Image-caption web data:
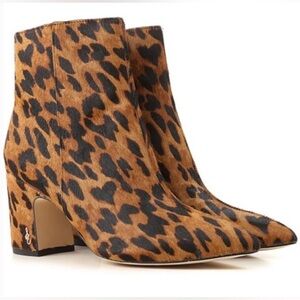 Sam Edelman Hilty Leopard Print Ankle Boots. Size 7.5. New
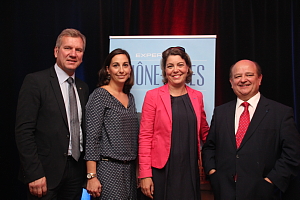 Marc Béchet, directeur général du Comité régional du Tourisme Rhône-Alpes, Olivia Poncy, chargée de marché pour l’Amérique du nord, Armelle  Tardy-Joubert, directrice Atout France au Canada  et Jean Besson, sénateur de la région Rhône-Alpes.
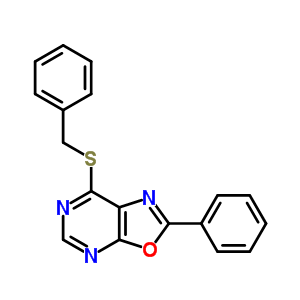 Oxazolo[5,4-d]pyrimidine,2-phenyl-7-[(phenylmethyl)thio]- Structure,33360-28-0Structure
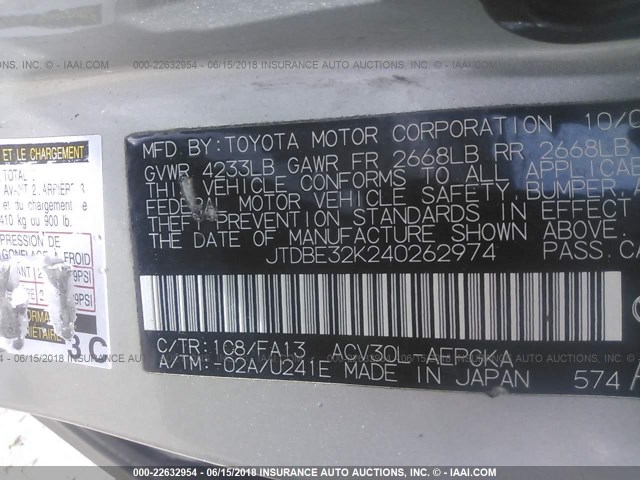 JTDBE32K240262974 - 2004 TOYOTA CAMRY LE/XLE SILVER photo 9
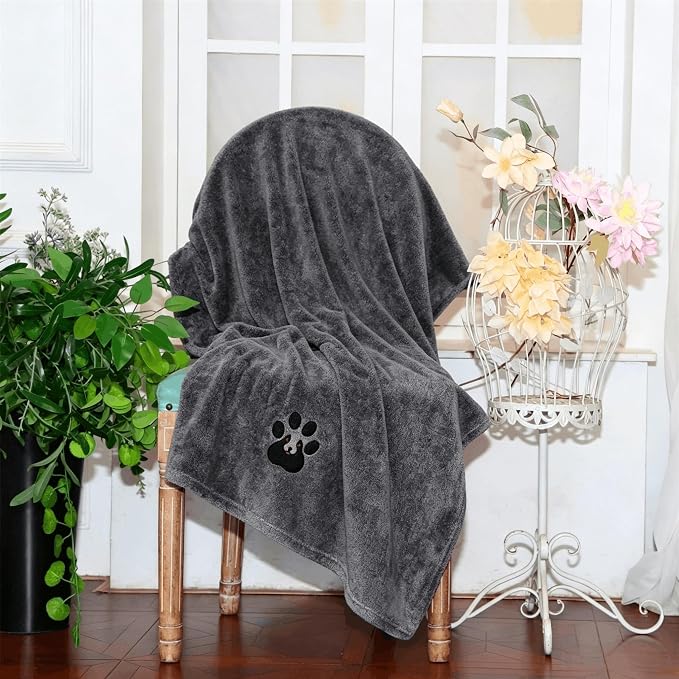Dogvingpk Extra Large Dog Towel 3 Pack, Super Absorbent Soft Quick Drying Microfiber Pet Bath Towels for Large & Medium Dogs (XL-55" * 36", Grey and Black and Brown)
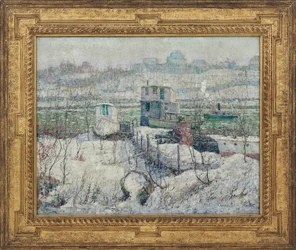 Casa de botes, invierno, río Harlem, c.1916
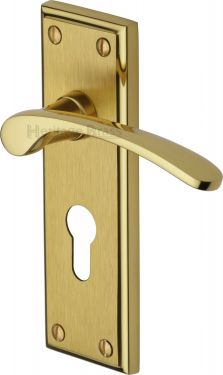Click Here To Enlarge This Photo Of HIL8648-MF Heritage Brass Door Handle For Euro Profile Plate Hilton Design Mayfair Finish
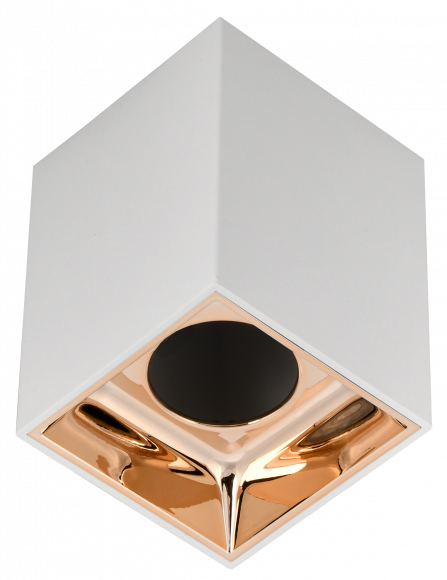 IEK LIGHTING Светильник 4112 накладной потолочный под лампу GU10 белый/золото пластик IEK, LT-UPB0-4112-GU10-1-K22
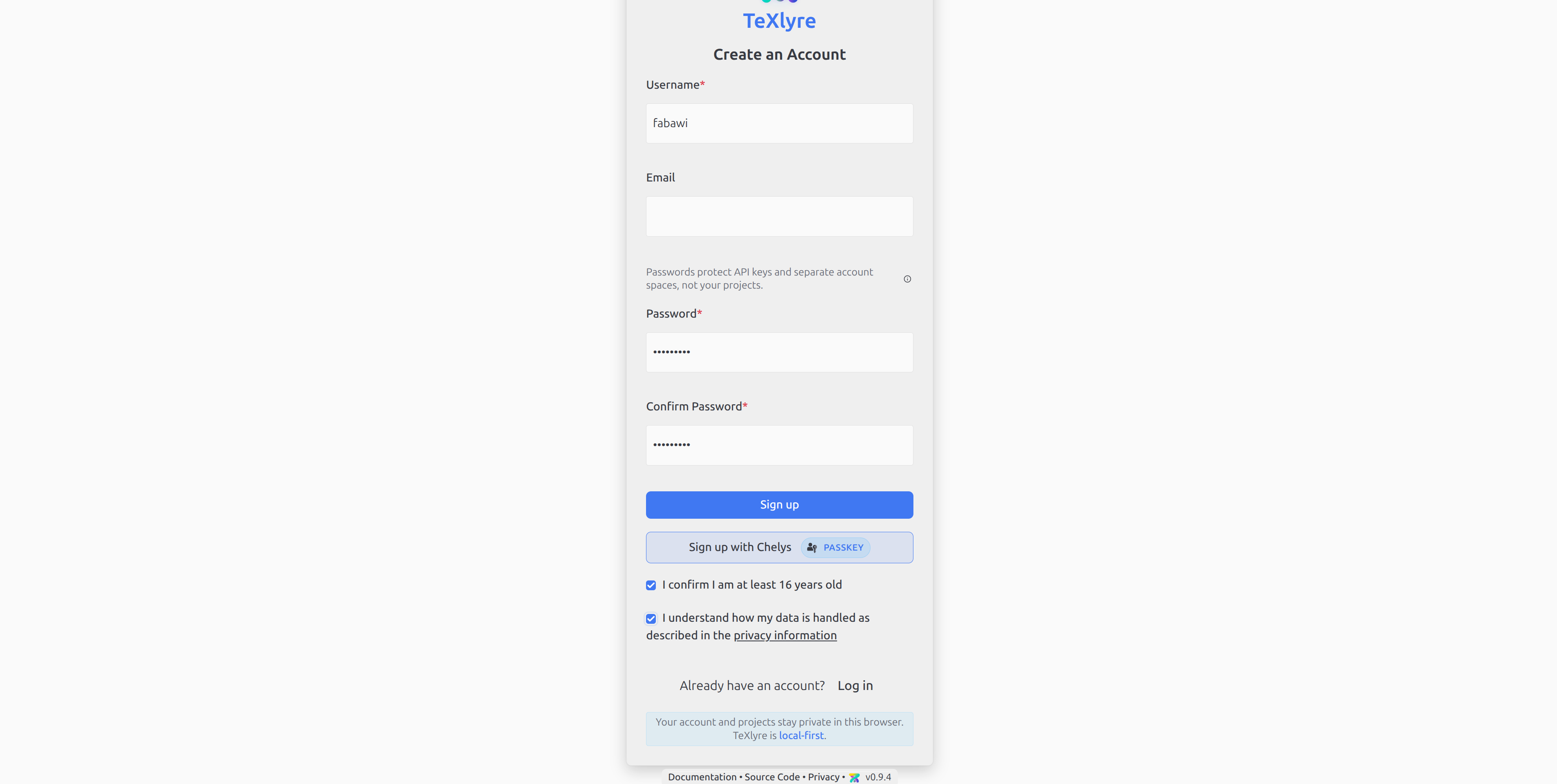 Registering a Chelys passkey in TeXlyre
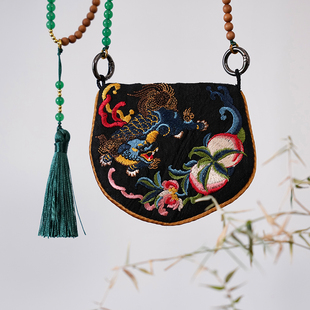 端午夏日艾草香囊中式香安神助眠驱蚊小香包手工中药国风刺绣挂件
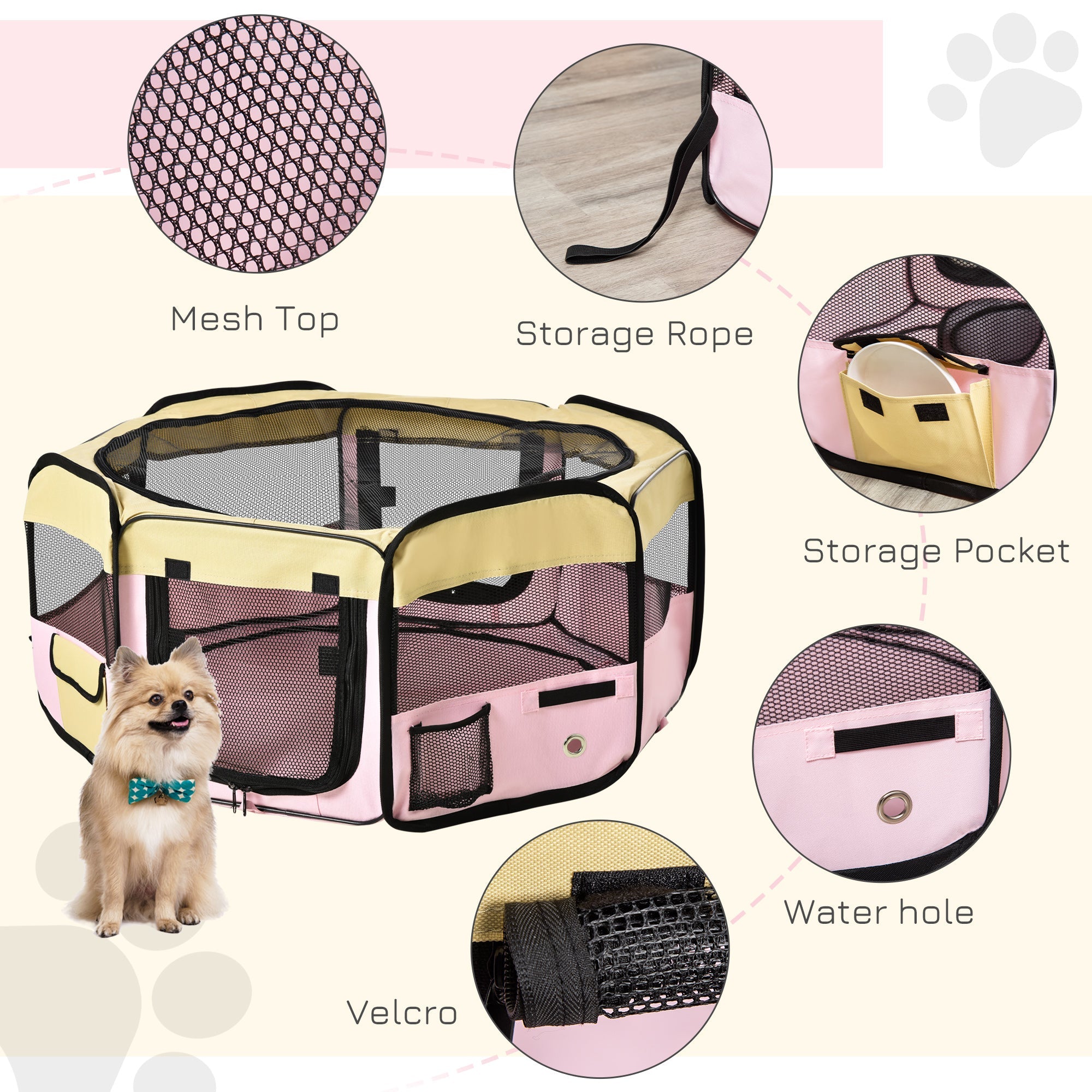 36-inch Large Exercise Puppy Pet Playpen Portable Dog Cat Pet Play Pen Pet Cage Tent Kennel Crate Pink Carry Bag Included Houses, Kennels & Pens   at Gallery Canada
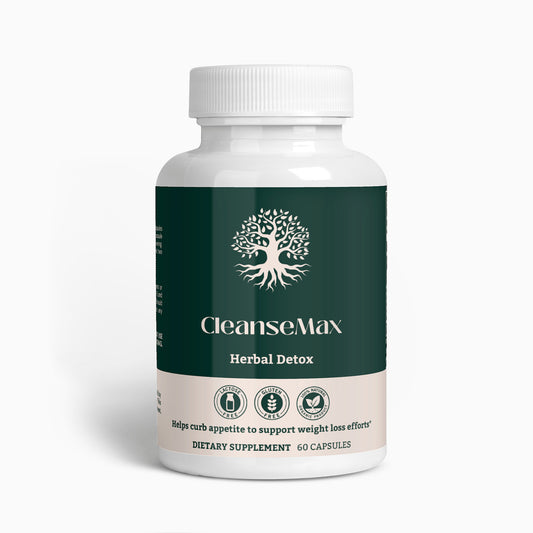 CleanseMax herbal detox supplement bottle featuring premium cleansing ingredients for digestive health.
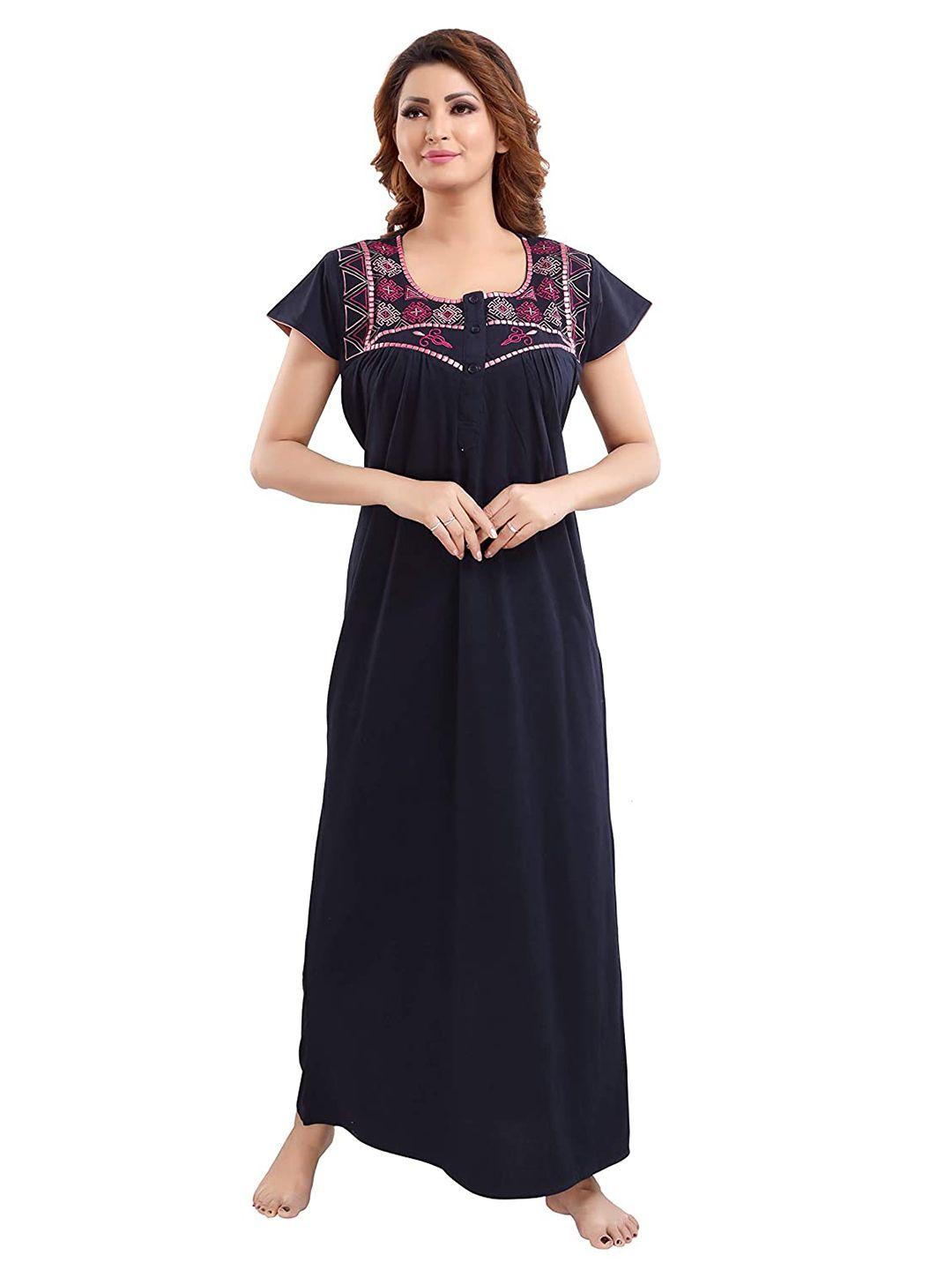 9shines-label-navy-blue-solid-maxi-nightdress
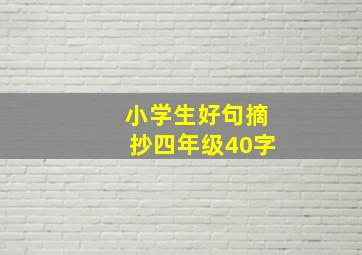 小学生好句摘抄四年级40字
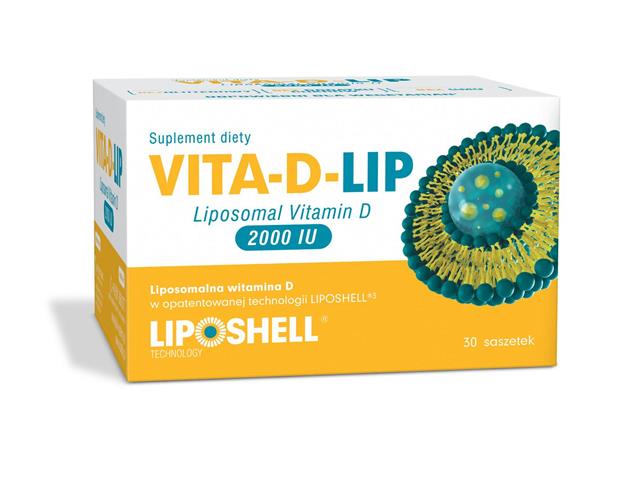 Vita-D-Lip Liposomal Vitamin D 2000 IU interakcje ulotka żel doustny  30 sasz. po 5 g
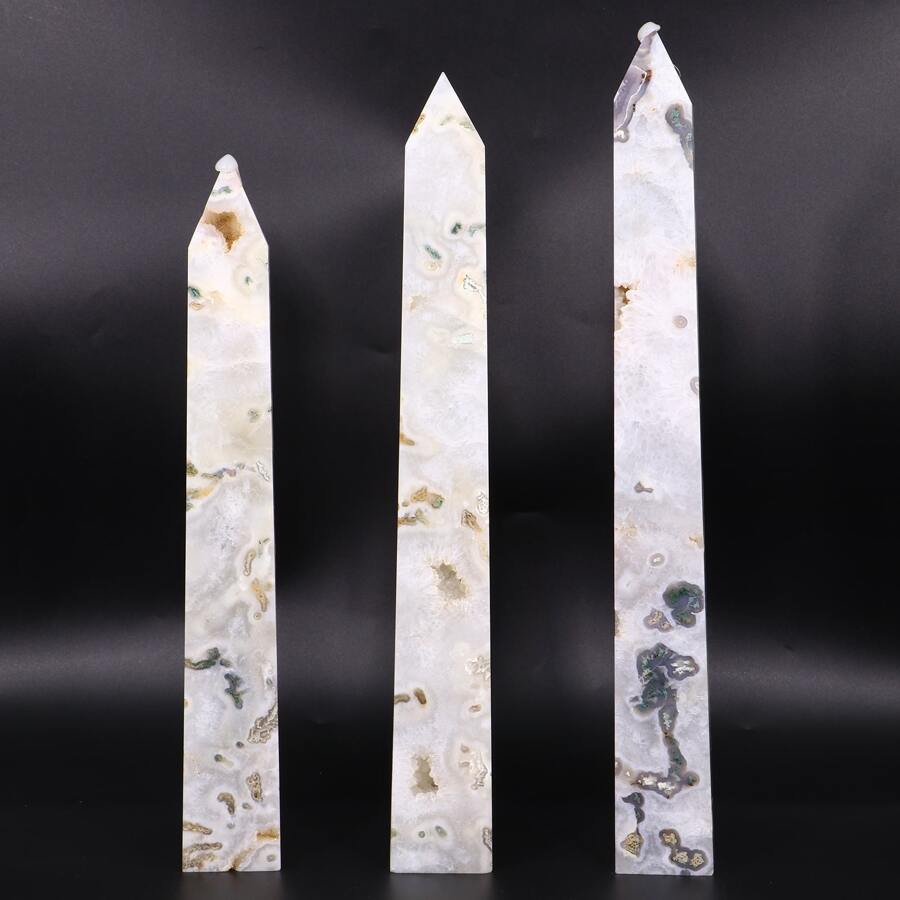 自然治癒晶體水草玉大型塔狀物，長10.6-17.3英寸（約27-44厘米），重量約2磅，苔玉單點治癒晶體塔，綠色水草玉6面完美晶體柱，用於家居裝飾及查克拉能量修復 - 彩色 - 查看 1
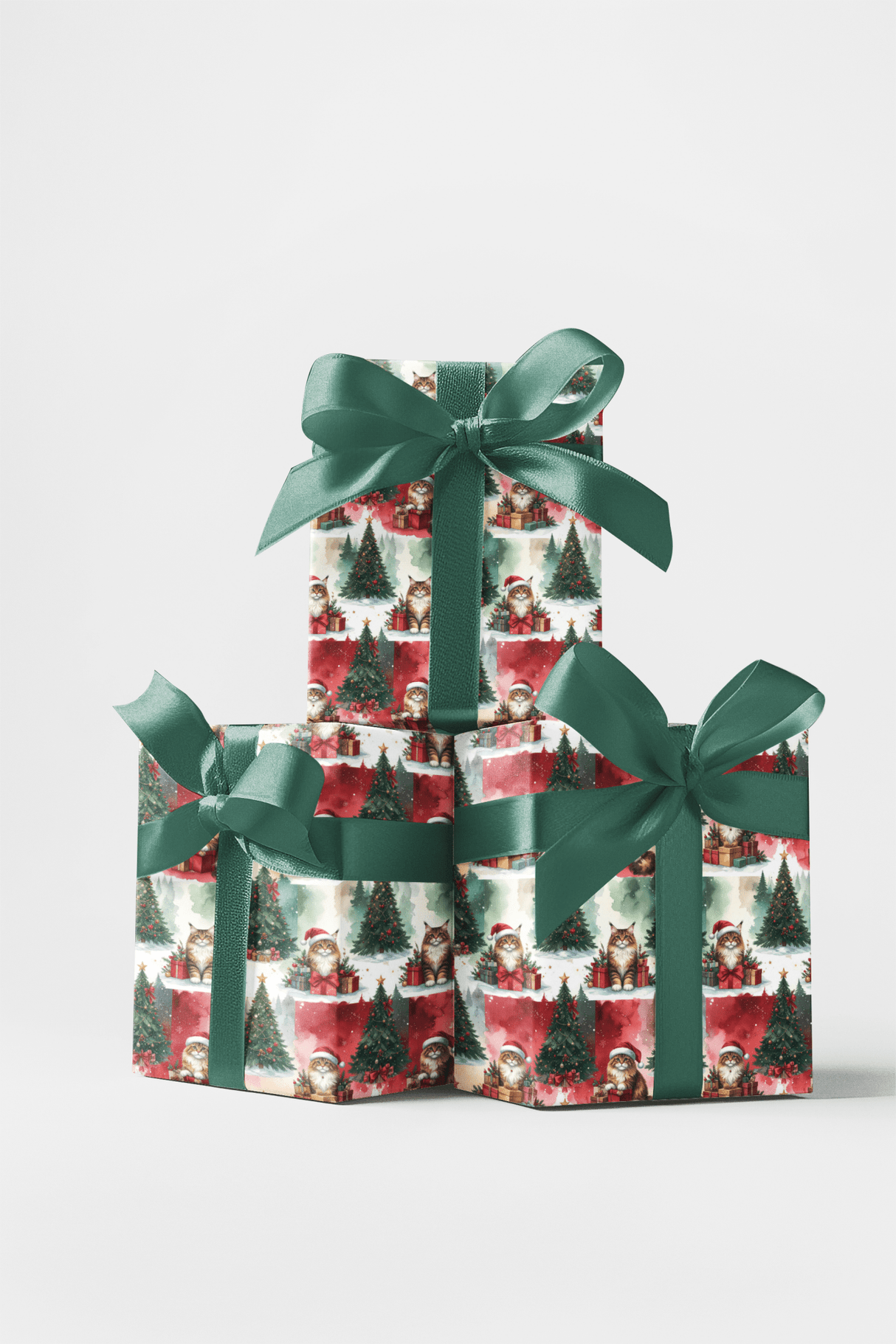 Christmas Maine Coon Celebration Wrapping Paper - London Penny Gift Wrap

▶ **EXERCISE INSTRUCTIONS**
Type the entries again verbatim. Any pictures should be skipped.

▶ **RESPONSE BOX**
 Sam Edelman Hilty Leopard Print Ankle Boots. Size 7.5. New
 Marc Béchet, directeur général du Comité régional du Tourisme Rhône-Alpes, Olivia Poncy, chargée de marché pour l’Amérique du nord, Armelle  Tardy-Joubert, directrice Atout France au Canada  et Jean Besson, sénateur de la région Rhône-Alpes.
 Oxazolo[5,4-d]pyrimidine,2-phenyl-7-[(phenylmethyl)thio]- Structure,33360-28-0Structure
 JTDBE32K240262974 - 2004 TOYOTA CAMRY LE/XLE SILVER photo 9
Dogvingpk Extra Large Dog Towel 3 Pack, Super Absorbent Soft Quick Drying Microfiber Pet Bath Towels for Large & Medium Dogs (XL-55" * 36", Grey and Black and Brown)
 Casa de botes, invierno, río Harlem, c.1916
Click Here To Enlarge This Photo Of HIL8648-MF Heritage Brass Door Handle For Euro Profile Plate Hilton Design Mayfair Finish
 IEK LIGHTING Светильник 4112 накладной потолочный под лампу GU10 белый/золото пластик IEK, LT-UPB0-4112-GU10-1-K22
 Registering a Chelys passkey in TeXlyre
 端午夏日艾草香囊中式香安神助眠驱蚊小香包手工中药国风刺绣挂件
 36-inch Large Exercise Puppy Pet Playpen Portable Dog Cat Pet Play Pen Pet Cage Tent Kennel Crate Pink Carry Bag Included Houses, Kennels & Pens   at Gallery Canada
 CleanseMax herbal detox supplement bottle featuring premium cleansing ingredients for digestive health.
 9shines-label-navy-blue-solid-maxi-nightdress
 小学生好句摘抄四年级40字
 Vita-D-Lip Liposomal Vitamin D 2000 IU interakcje ulotka żel doustny  30 sasz. po 5 g
 自然治癒晶體水草玉大型塔狀物，長10.6-17.3英寸（約27-44厘米），重量約2磅，苔玉單點治癒晶體塔，綠色水草玉6面完美晶體柱，用於家居裝飾及查克拉能量修復 - 彩色 - 查看 1
 Christmas Maine Coon Celebration Wrapping Paper - London Penny Gift Wrap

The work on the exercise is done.